While losing some experience upon upgrading would make sense, I think would not like it either. I have no problem with the current system - and I am not opposed to increasing the gold from disbanding either.
Same here. It pains a lot when you lose a good old fellow. Those ones we want to keep them forever (upgraded). I don't name them, though
Actually, we face a game change where it's difficult to please everyone.
If we encourage all units to be upgraded, it's less tedious but it's also a no brainer (uninteresting). If just a few of our units are better replaced than upgraded, then it's more interesting, but adds a bit of extra work. If too many units are better replaced than upgraded, then it's too much work, and also there's little to think about it. The boundary is blurred in every player preference.

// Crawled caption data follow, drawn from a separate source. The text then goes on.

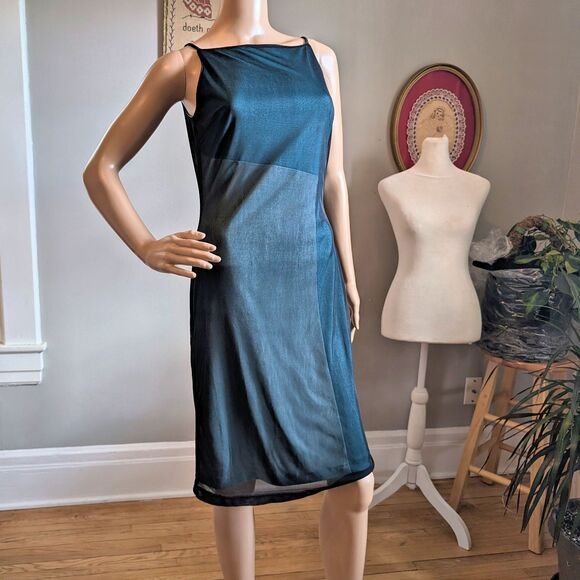 Vintage 90s Y2K Express Mini Dress Party Mesh Blue Cocktail Prom Mod Size 1/2 - Picture 1 of 12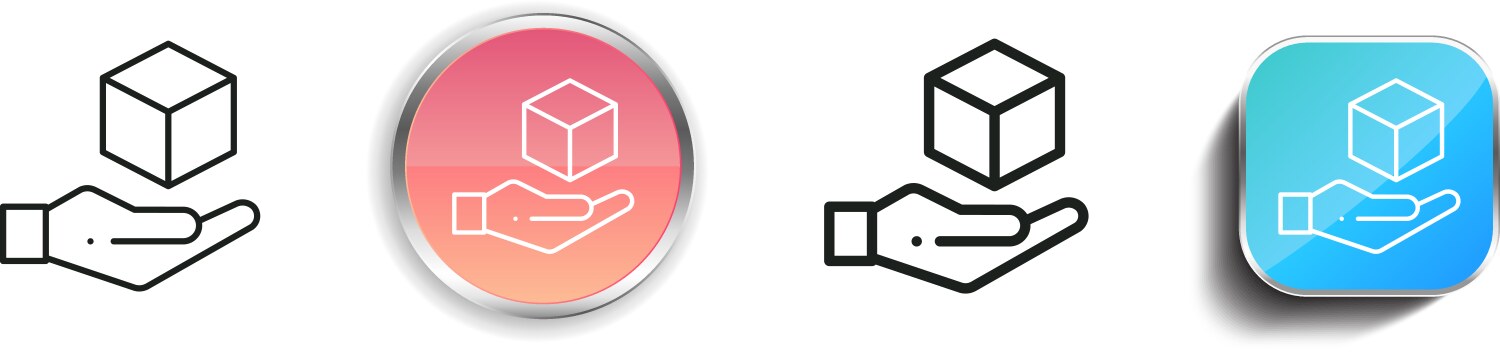Cube icon thin linear regular and button style vector image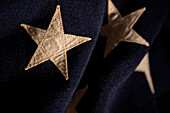 Nahaufnahme der Sterne auf der amerikanischen Retro-Flagge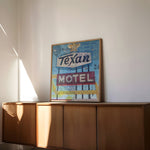 Texan Motel Mixed Media Collage Art Print - Tejas Country Club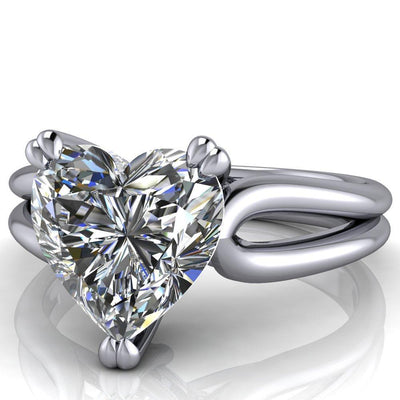 Martha Heart Moissanite 3 Prong Split Shank Engagement Ring-Custom-Made Jewelry-Fire & Brilliance ®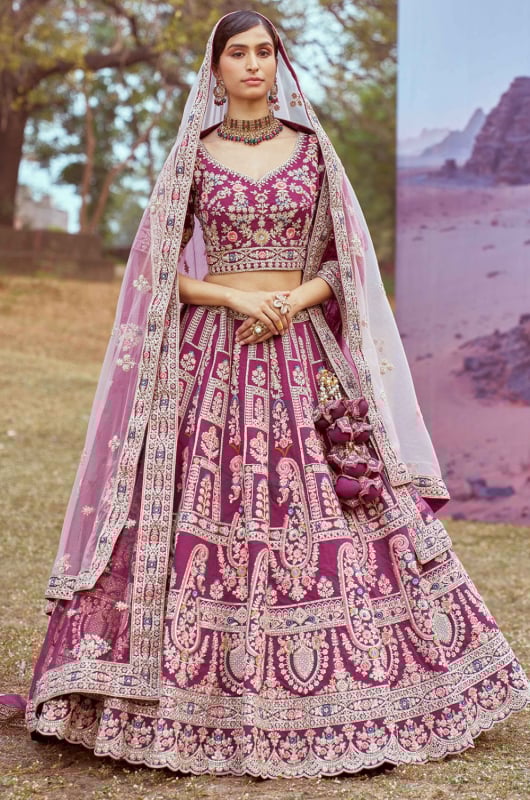 Purple Embroidered Designer Lehenga Choli Set for Ceremonial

Would making disband more rewarding help with this situation? I think not, unless the process is effortless. There are also concerns about AI not handling well disbanding situations. But there are contradictory messages here: For once, we are told to not disband, as it is a bad, desperate choice. For other, we got so many old units that aren't worth to upgrade, that even donating all of them is a big task, it also has a cooldown, so we tend to disband more often than before, specially when being busy with fighting. That's why imperialism must truly aid with upgrading. A militaristic civ needs to upgrade more often, as it has more units and less time for micromanaging. More pacific civs could do with a little bit more of micromanagement when disbanding and replacing units, like the current gifting mechanic.
Does it mean everything is well and sound? Speaking for the peacemonger, gifting a unit every 6-7 turns for a 11 influence gain is not going to change anything, specially mid-game on. It's not even good for increasing CS military strength, as we usually gift them just crap. It's the lesser evil, for refunding is even worse. Producing new units every few slows infrastructure, where peacemongers usually had the upper hand.
So, I'd say that making upgrading most units worth for warmongers could leave disbanding mechanics as something more targeted at peacemongers, who can stand a little bit more of micromanagement, and the disband mechanic could be improved with this in mind.